C’era una volta la Serie A 2019/2020, un torneo che dopo tanti anni era ritornato ad essere uno dei più affascinanti e seguiti di tutto il panorama mondiale. Il dominio della Juventus doveva fare i conti con la riscossa di due grandi squadre, Lazio e Inter, che dopo anni di delusioni e amarezze avevano, finalmente, raggiunto quel livello tale da poter competere contro la corazzata bianconera. Una corsa a 3 per il lieto fine, un’annata storica da inserire negli annali del nostro calcio. Tre squadre appaiate al primo posto della classifica e divise da tre sole lunghezze. Tutto sembrava filare per il verso giusto, per un percorso intrepido e imprevedibile, ma che sicuramente non avrebbe lasciato l’amaro a nessuna di esse, consapevoli di averci provato con tutte le proprie forze.

Ma come ogni bella storia narrativa che compete, arriva l’esordio, quell’avvenimento tanto peculiare che rompe l’equilibrio modificando il contesto in atto. Il nuovo quanto brutto e negativo fenomeno del Coronavirus impervia la nostra amata Nazione: il paese si blocca, viene regolamentato alla nuova calamità, negozi, bar, discoteche, manifestazioni sportive e culturali si fermano per salvaguardare la salute dei cittadini (che vada chiaro è la cosa più importante, nonostante il grande ed eccessivo allarmismo mediatico dell’epidemia). Anche il calcio, quarta azienda in Italia, deve necessariamente subire delle variazioni.

Ecco allora che subentra una nuova sezione della nostra storia, quella legata per tradizione a peripezie e mutamenti. Come giusto che sia, il 23 febbraio, pochissime ore dopo lo scoppio del caso, si decide per il rinvio delle 4 partite interessate alle aree focolaio maggiormente colpite dal virus (Lombardia, Veneto e Piemonte), non si giocano: Inter Sampdoria, Torino Parma, Atalanta Sassuolo, Verona Cagliari. Il campionato si riduce per la salute delle persone, decisione ineccepibile.

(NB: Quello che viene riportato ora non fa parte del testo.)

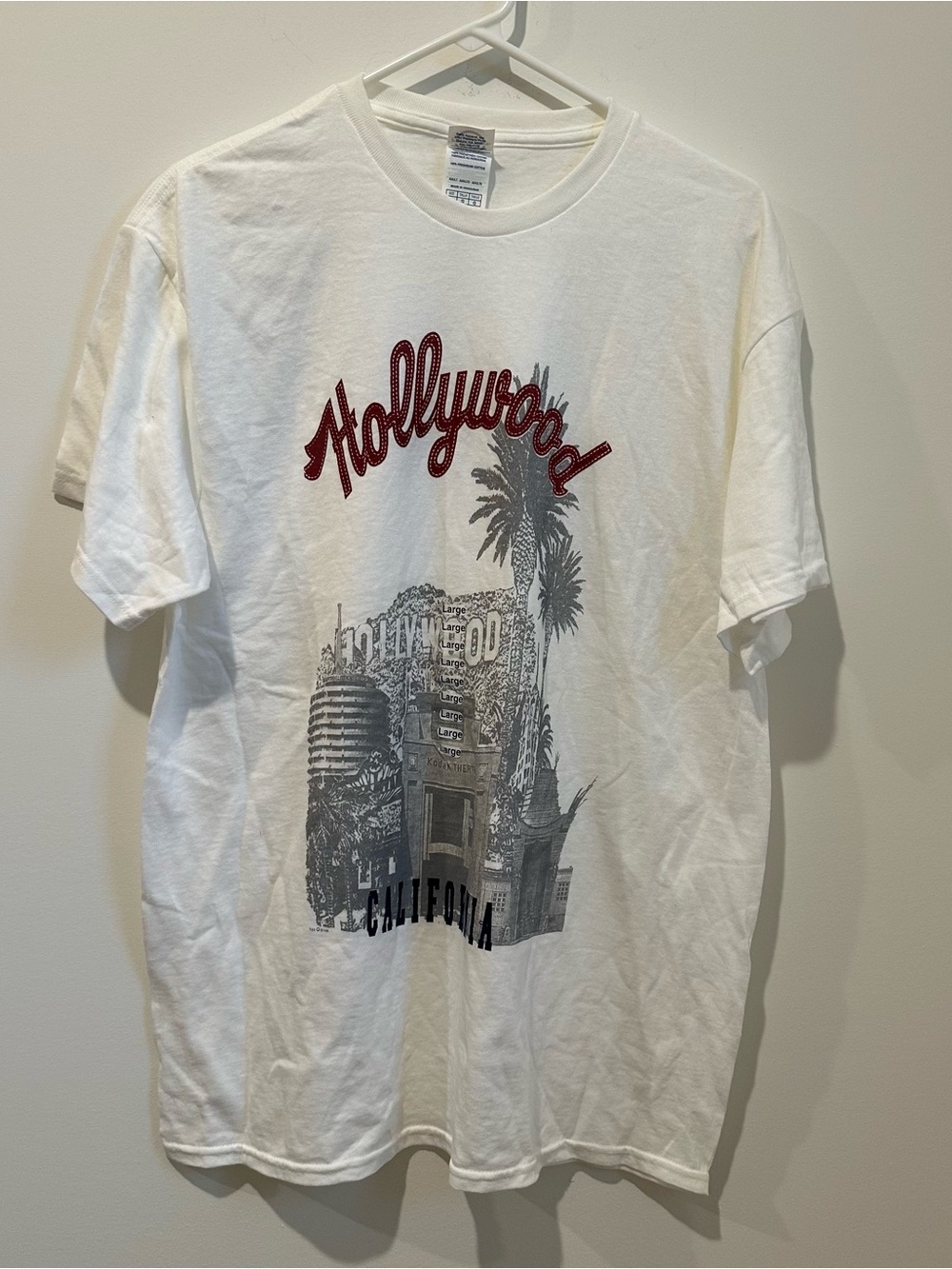 Hollywood California Graphic Tee - White 100% cotton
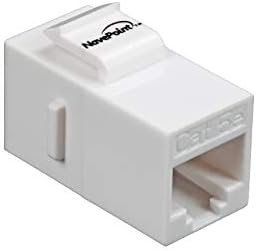 NavePoint CAT5e Keystone Coupler with PCB White front view network adapter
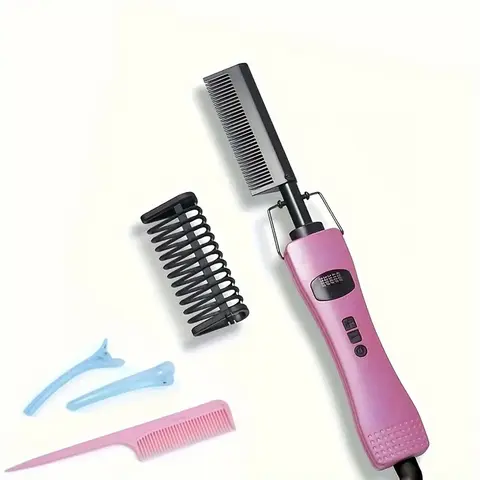 Electric Hair Straightener, Smoothing Straightener, Thermal Brush Straightener, Heated Straightening Brush, Multifunctional Hair Straightening Comb with Comb and Hair Clips, Hair Styler, Hair Styling Tool for Home & Salon Use, Styling Hair Tools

Ma dal lunedì successivo, ecco che si entra nel cosiddetto Spannung, ovvero il momento di massima tensione della storia. Una settimana quasi surreale e del tutto indecifrabile, che oscilla tra opposte e differenti visioni: porte chiuse, porte aperte, rinvio. Tra uscite di non rimborso in caso di porte chiuse, salvaguardia della salute pubblica e integrità del campionato, si arriva, finalmente, alla giornata di giovedì, con una decisione unanime: nelle aree interessate dal Virus, le partite saranno disputate a porte chiuse, compresa la delicata sfida-scudetto Juventus-Inter. Il momento di massima tensione e allerta, tuttavia, è alle porte ed ecco che trova la sua incredibile vanificazione nella mattinata di sabato 29 febbraio. La decisione di tre giorni prima viene revocata, niente partite a porte chiuse ma immediata sospensione dei match nelle aree focolaio.

Uno spannung quasi inverosimile che trasforma la bella e invitante storia iniziale in un clamoroso racconto del brivido, enigmatico e senza un’apparente via d’uscita. Un’altra giornata saltata significa slittamento di due turni in un calendario già intasato di suo con squadre costrette ai super straordinari nei mesi successivi. Prevale la linea della salvaguardia dell’immagine del paese all’estero, di un possibile danneggiamento, soprattutto nel vedere il Derby d’Italia, con più di 170 paesi collegati, senza il clamore dei tifosi. Il pretesto del Coronavirus e della salvaguardia dei cittadini si trasforma in una deviante scusa per celare ciò che, invece, è il vero motivo del rinvio, ovvero la perdita di denaro e nient’altro. Si sapeva, il calcio era ormai da tempo diventato business, nonostante il romanticismo di noi tifosi appassionati di quel pallone rotolante. Ma tutto ciò è, probabilmente, la goccia che fa traboccare il vaso…

Una bellissima storia rovinata, un campionato quasi o del tutto falsato, un lieto fine, “lieto”, soltanto a metà.